Las calles, acá y en todas partes, ahora y siempre,
han sido además y con la misma entidad escenarios por
los que circulan los reclamos sociales, pistas adecuadas para
echar a correr las quejas.
Con esos sobreentendidos que no se revisan y que endurecen
la costra ideológica sobre la que el poder machaca
sin que nadie lo advierta –el poder, no el gobierno,
que son dos cosas distintas–, los que todavía
acceden a la merluza congelada reclaman para sí las
calles y expresan brutalmente el fastidio que les provocan
esos otros que las invaden, las copan y las cortan. ¿Por
qué habrían de ser las calles más de
los conductores de autos que de los conductores de quejas?
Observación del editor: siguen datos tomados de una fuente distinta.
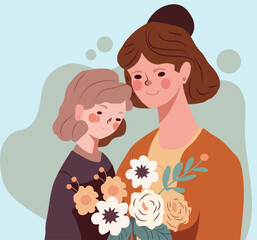 Mothers day vector  illustration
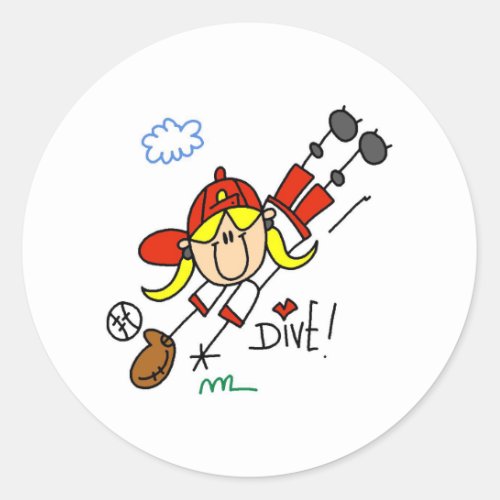 Diving Catch Sticker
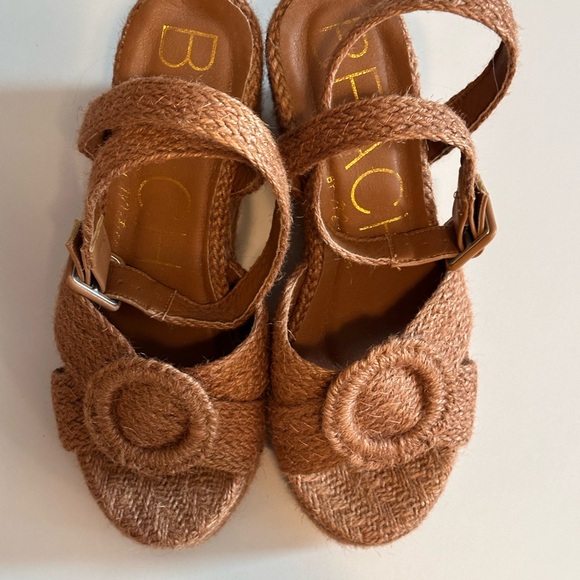 Matisse Kai Platform Wedges in Honey Color - Picture 9 of 11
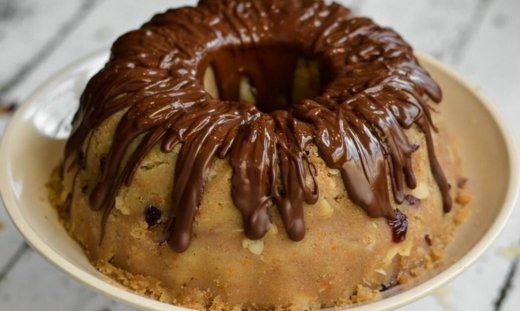 Σιμιγδαλένιος χαλβάς με πορτοκάλι και σοκολάτα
El Club de la Merluza Congelada sólo se conmueve si
el desvío en la calle se debe a que la marcha es correctiva
y quienes manifiestan van con nutrias o mocasines. Ahí
sí el hecho de manifestar se inviste del reclamo cívico
con el que el Club de la Merluza Congelada es solidario. Con
los otros no. Los otros, los invisibles, deberían seguir
invisibles, en sus ratoneras, en sus lugares de origen, en
los comedores populares, sin hacer ruido, sin perturbar el
paisaje... que tanto mal le hace al turismo semejante espectáculo
de revolvedores de basura.
Así estamos, unos viviendo en una nube de rúcula
y tantos más de las sobras. Unos adentro, y desde adentro
reclamando también la soberanía de las calles,
y otros en las calles para ejercer, alguna vez, de alguna
manera, un poco, la soberanía sobre sus propias vidas.